_Captioned web images:_
_ _ _ _ _ _ _
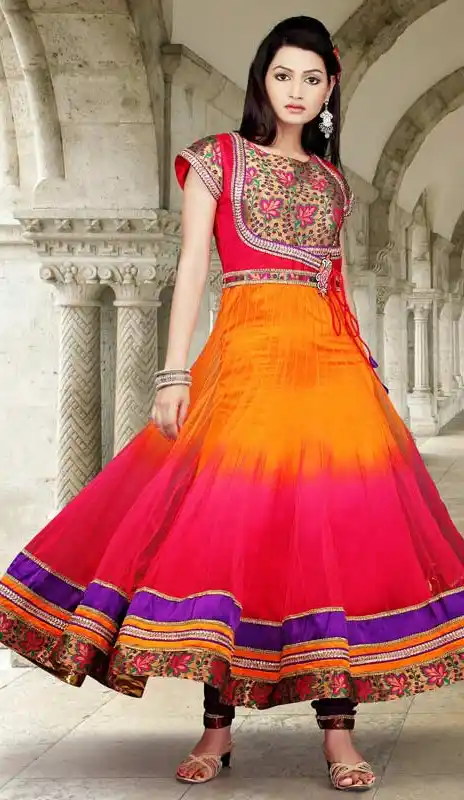 Lush Deep Pink & Gold Color Salwar Kameez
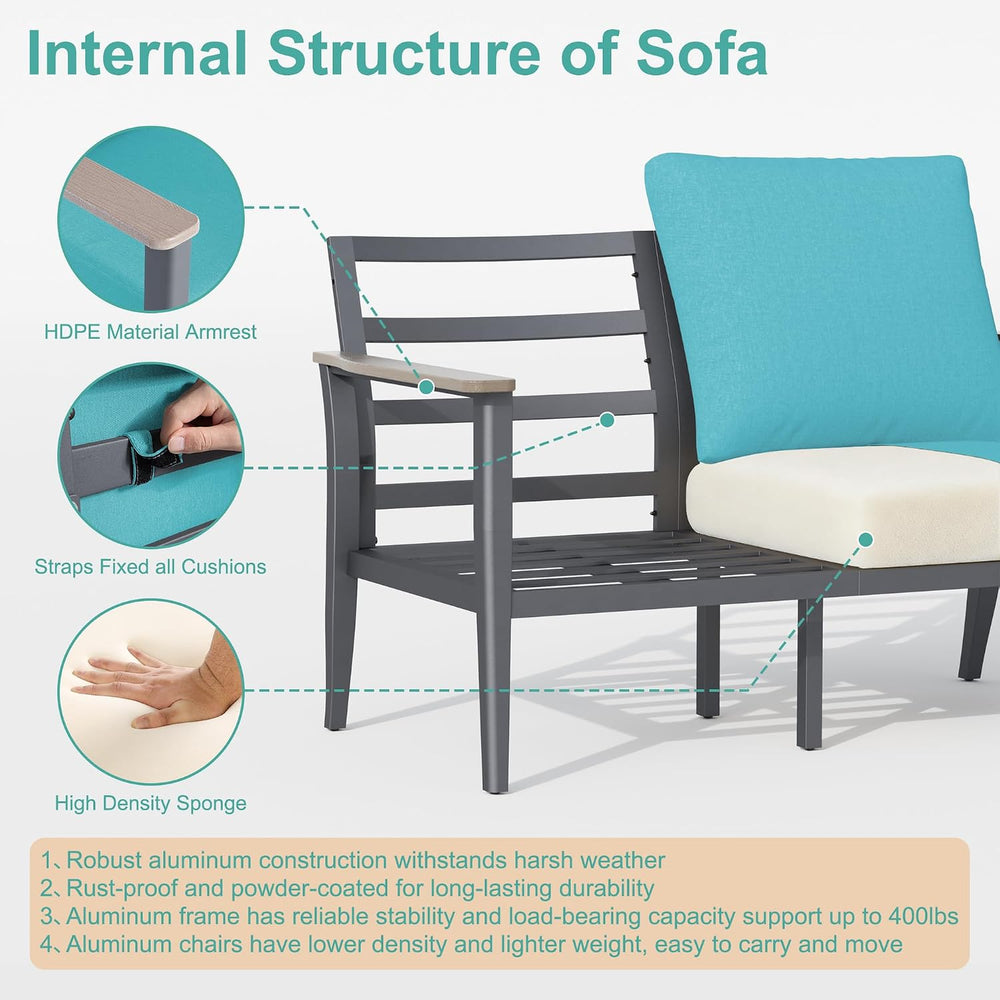 Aluminum Outdoor Patio Furniture Set Sectional Sofa with Oversized seat
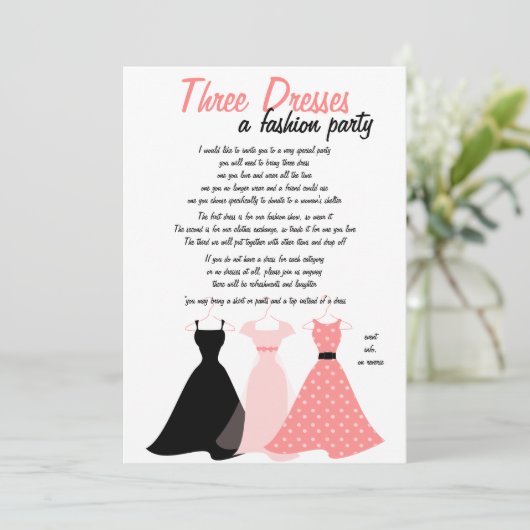 Invitation Trois robes (Debout devant)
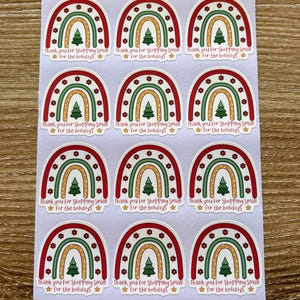 Thank you for shopping small for the holidays - Packaging Stickers - 12 stickers | Small Business | Thank you Stickers | Packaging Stickers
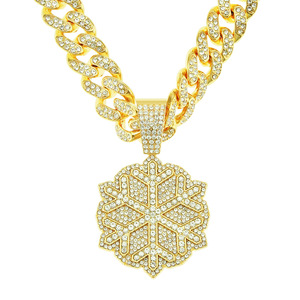 Colliers à pendentif flocon de neige géométrique en alliage plaqué or et argent, personnalisables, style hip-hop pour hommes, bijoux de mode, vente chaude - Product Image 6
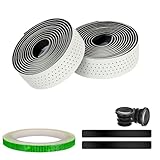 KEGECOL Cycling Fahrrad Mountainbike Lenkerband mit Radkörper Aufkleber reflektierender Aufkleber und Abschlussstreifen,Fahrrad Lenkerband, Rennrad Lenkerband Griff Rutschfest,Weiß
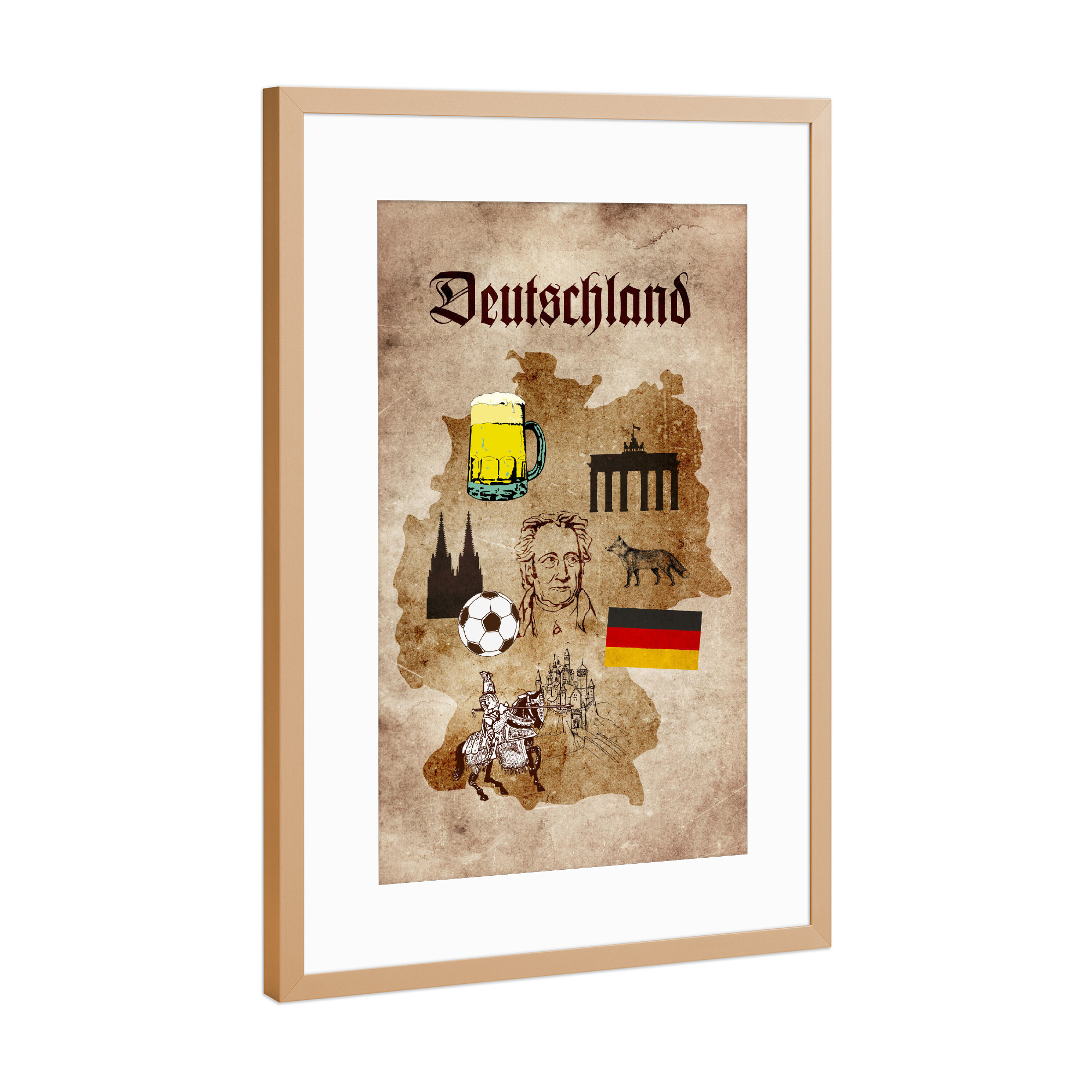 Poster mit Rahmen Kupfer "Germany Illustrated Map" artboxONE - Städte / Berlin,Städte / Köln,Für Kinder,Reise / Länder,Kartografie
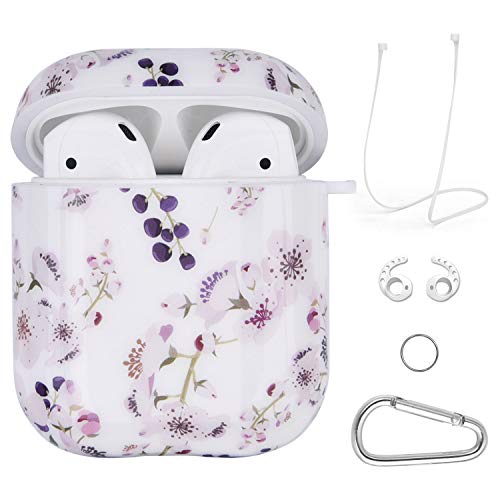 Product Cover VIGOSS Compatible with Airpods Case Women Floral Print Protective Cover Hard Cases Accessories Set for Apple AirPods 2 & 1 (Blueberry)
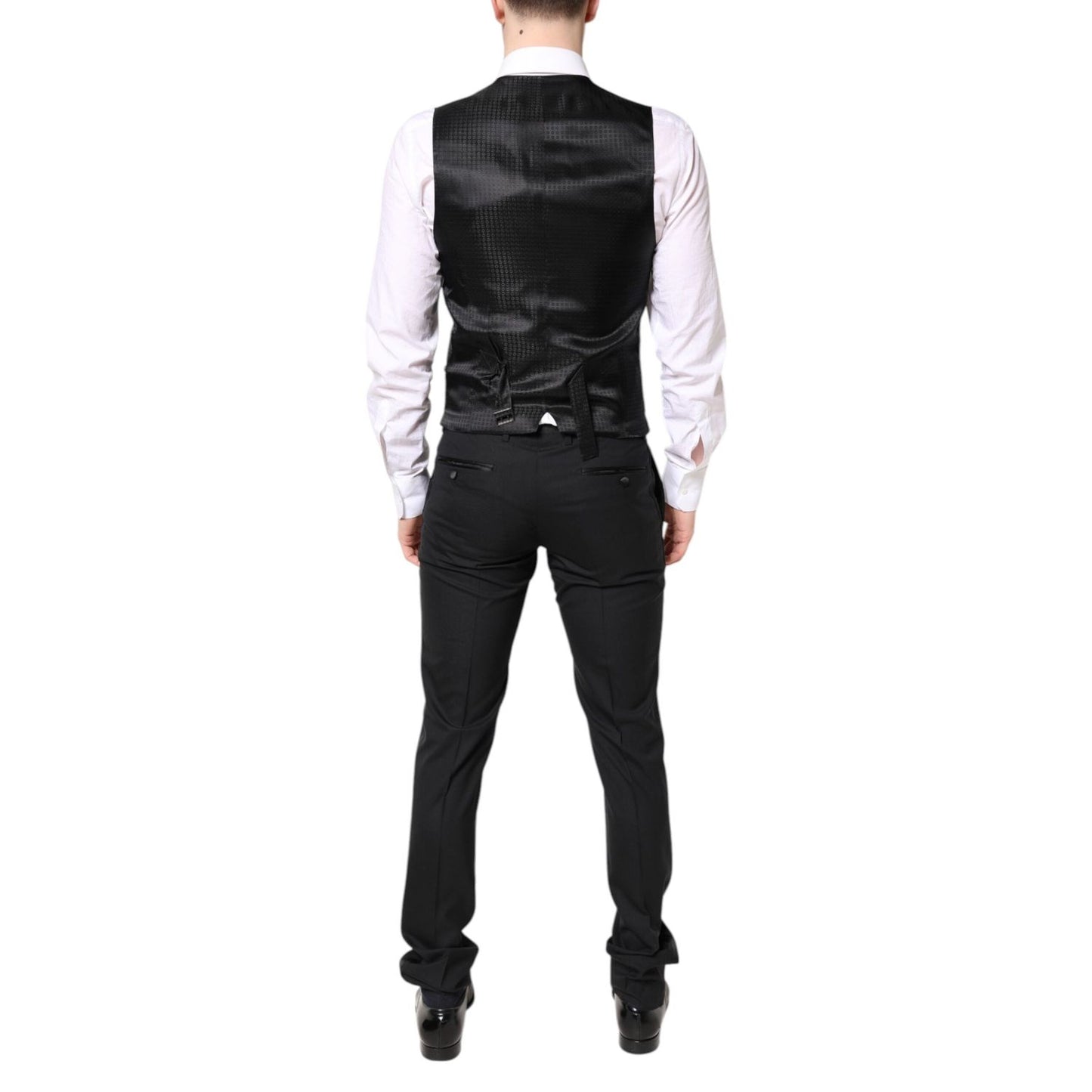 Dolce & Gabbana Black Wool Single Breasted 3 Piece Suit KOS2192-46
_ _ _ _ _ _ _
_Exercise goal:_ Please return only the lines from the top of the data through the line with "Poster mit Rahmen", exactly as written, and drop every picture.

_Problem solution:_
 Lush Deep Pink & Gold Color Salwar Kameez
 Aluminum Outdoor Patio Furniture Set Sectional Sofa with Oversized seat
 Invitation Trois robes (Debout devant)
 Thank you for shopping small for the holidays - Packaging Stickers - 12 stickers | Small Business | Thank you Stickers | Packaging Stickers
 Colliers à pendentif flocon de neige géométrique en alliage plaqué or et argent, personnalisables, style hip-hop pour hommes, bijoux de mode, vente chaude - Product Image 6
 KEGECOL Cycling Fahrrad Mountainbike Lenkerband mit Radkörper Aufkleber reflektierender Aufkleber und Abschlussstreifen,Fahrrad Lenkerband, Rennrad Lenkerband Griff Rutschfest,Weiß
 Poster mit Rahmen Kupfer "Germany Illustrated Map" artboxONE - Städte / Berlin,Städte / Köln,Für Kinder,Reise / Länder,Kartografie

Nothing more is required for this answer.